Coachella: la tre giorni più famosa al mondo, una quantità di input musicali difficilmente digeribile in 48 ore e che è inutile riportare puntualmente.

La pancia del Coachella l’ha presa tutta Father John Misty, un set incredibile, profondo, la bellezza di “Ballad of the Dying Man” suonata al tramonto californiano è stato uno dei momenti più aulici e musicalmente perfetti.

Ottima la prestazione dei Preoccupations, un gruppo che marcia nel vero e più letterale senso che gli si possa attribuire, forse non sempre piacevolissimi, ma da sottolineare.
Le Warpaint (sul palco del Coachella con il loro produttore) hanno mostrato ancora una volta la loro forza gestendo un big stage, conducendo i pezzi fino al traguardo con evidenti progressi in quello che si può definire mestiere.
Una sicurezza dal medesimo punto di osservazione l’esibizione dei Bastille, il consueto bagno di sudore, invece, ha accompagnato Samuel T. Herring e i Future Islands nel loro spazio, dritti ed emotivi, sempre un diamante splendente.

Diversamente invece è andata per Ezra Furman, ed è un peccato.

Il talento lo ha e lo si conosce dai tempi di “My Zero”, ma si è proposto in una maniera musicalmente sciatta, non solo per colpa sua, decisamente disturbante.
Indossando meno eccessi costruiti, avrebbe solo da guadagnarci, ed il Coachella l’ha sottolineato.
Kaleo, aka Tom Waits che sposa Sufjan Stevens, vengono dall’Islanda, e sembra proprio abbiano un radioso futuro davanti, il loro folk blues è veramente ben suonato, incredibile nasca a cosi tanti chilometri dagli States.

 

Irriconoscibili i Two Door Cinema Club e non solo per il nuovo hair look di Alex Trimble.

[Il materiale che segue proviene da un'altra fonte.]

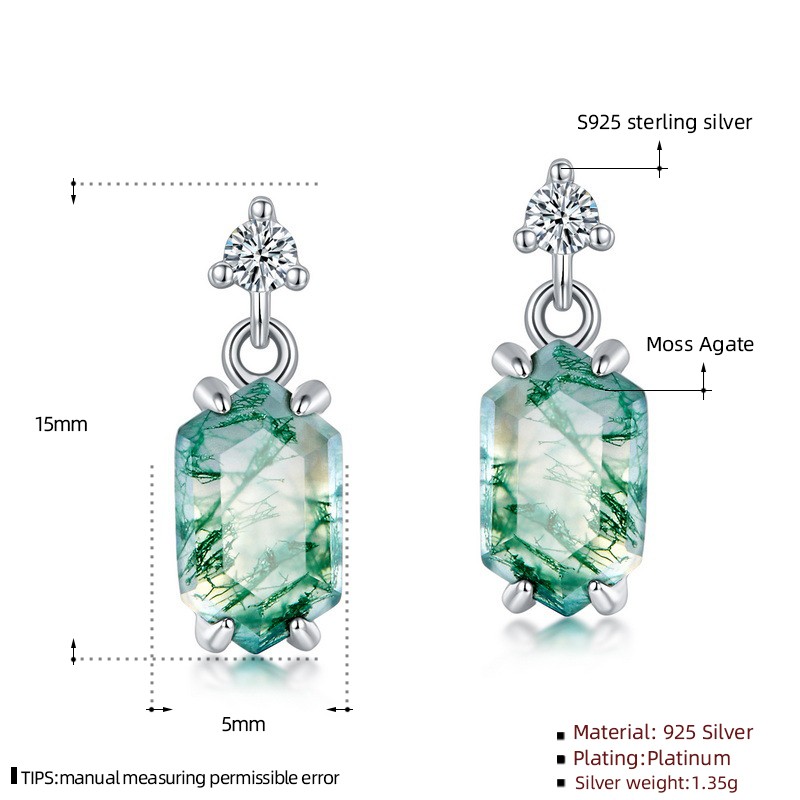 925 Sterling Silver Earrings Supplier - Round Zircon Geometric Rhombus Water Grass Agate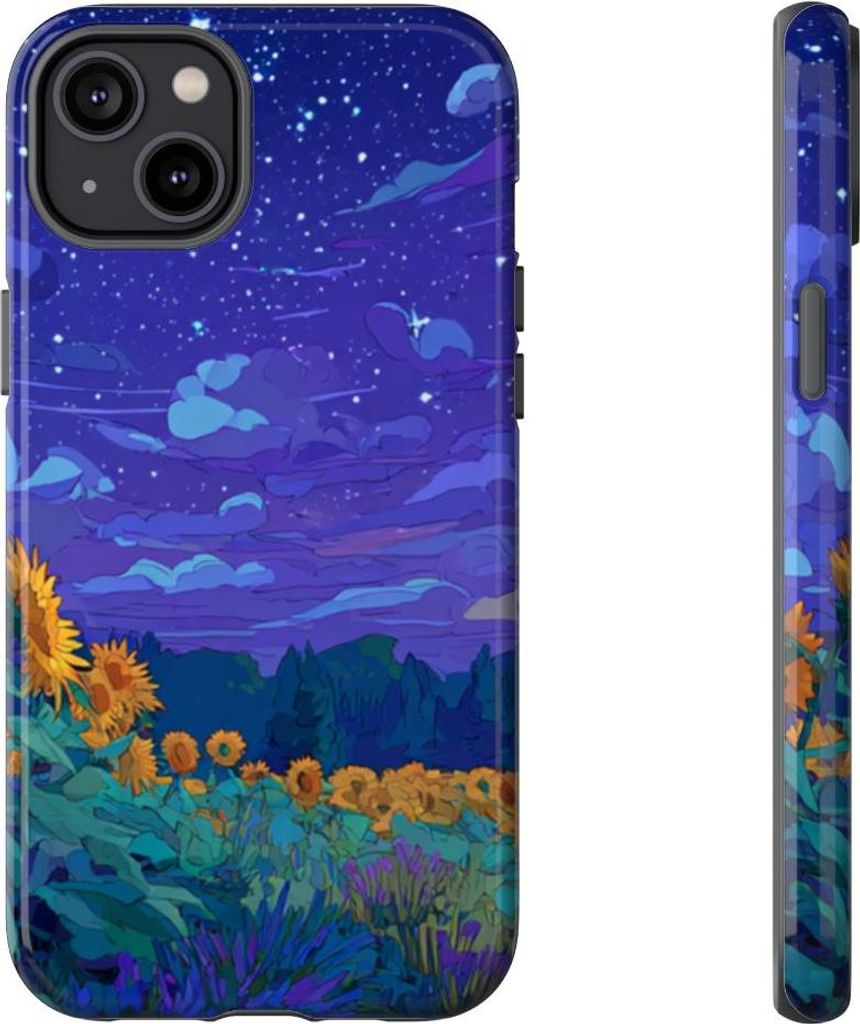 Sternenklare Sonnenblumenwiese – Hülle Kompatibel mit iPhone 14 Plus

Da promessa nordirlandese dell’evolution brit sound di sua Maestà, sono cascati in un impersonale serie di esasperati falsetti a tratti insopportabili, un mix tra Darkness, Bee Gees e Maroon 5.
Una delusione per la grande famiglia dell’indierock, salvata dalla presenza dei Car Seat Headrest, loro si con i crismi della dirompente strapotenza e strafottenza dell’indipendenza.
Empire of the Sun come sempre sulla loro commercial road; arrivato da un altro pianeta invece Hans Zimmer, un live da perdere corporeità e restare solo anime, inquiete e libere.
Bonobo di giorno, come si fa? Come? Penalizzato fin troppo per un genere che necessita di atmosfere visive oltre che sonore.
Grace Mitchell, ha sorpreso tutti. 19 anni, una grinta formidabile, seducente presenza scenica, mai volgare nonostante un look provocante, talento da vendere e se dovessimo scegliere su chi puntare, sceglieremmo lei.

La ragazza di Portland ha quel carisma e quella facilità di scrittura che può portarla solo lontano, i paragoni si sprecherebbero da Alanis Morisette a Courtney Love e Vanessa auf Der Maur, ma si percepisce che ha qualcosa di suo, di proprio, e arriverà presto.

Il set dei Radiohead è stato quello della discordia per il Coachella.

A cominciare dai problemi tecnici che Thom e compagni hanno superato con professionalità ma che hanno inevitabilmente inficiato la performance, passando per la polemica instaurata da Yorke sul pubblico del Coachella, disinteressato agli show ma presente lì solo per il carrozzone in sè.
Può darsi che abbia ragione lui, anzi sicuramente ne ha da vendere, si resta stupiti che questa mescolanza tra audience interessata e meno coinvolta si ritrovi anche in eventi dedicati di queste dimensioni, dove per esserci non è esattamente come accompagnare un amico ad un concerto in un locale da 200 posti e stare a chiacchierare per l’intera serata.

Tuttavia la discesa della qualità dell’audience è un fatto da accettare se headliner del Coachella, non della festa in palestra all’ITIS di Avellino, è il “serial seller” Kendrick Lamar nel giorno dei New OrderBernard Sumner guida una macchina perfetta), oltre che forse i primi a non capire dove ci si trova, e come dare dignità ad un mondo dominato oggi dal “prodotto musicale”, sono anche gli organizzatori di un’edizione colma di errori e lacune.